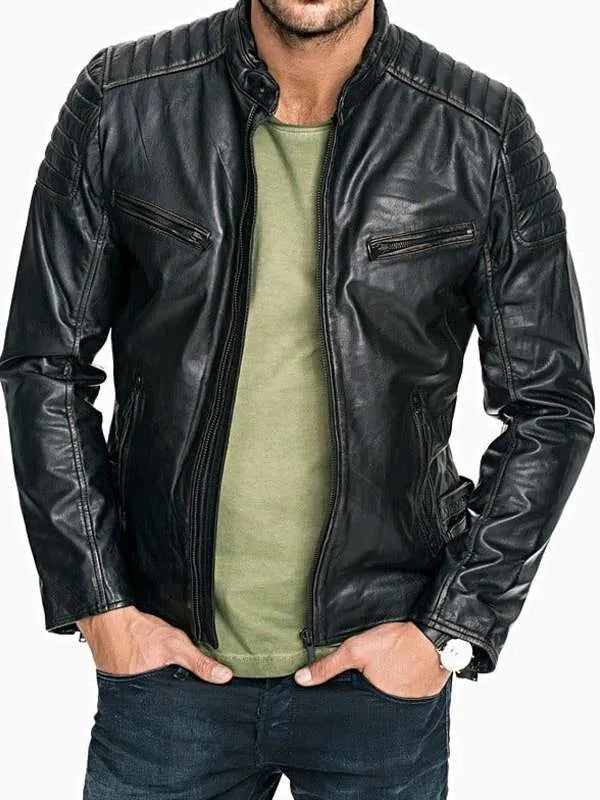 Men Quilted Sheepskin Distressed Black Leather Jacket USA Jackets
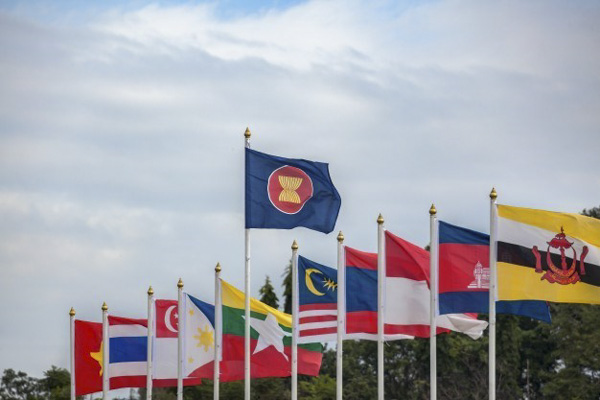 Cờ các nước và ASEAN. (Nguồn: TTXVN)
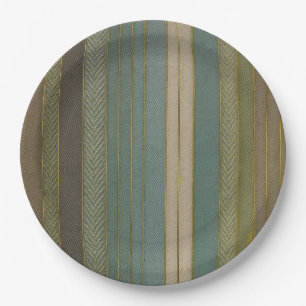 Mid Century Modern Muted Stripes Print Paper Plate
....................
→ **WORK ORDER**: Replicate the material above verbatim; images stay out of the copy.

→ **EXERCISE RESPONSE**:
 Men Quilted Sheepskin Distressed Black Leather Jacket USA Jackets
 Cờ các nước và ASEAN. (Nguồn: TTXVN)
 Mid Century Modern Muted Stripes Print Paper Plate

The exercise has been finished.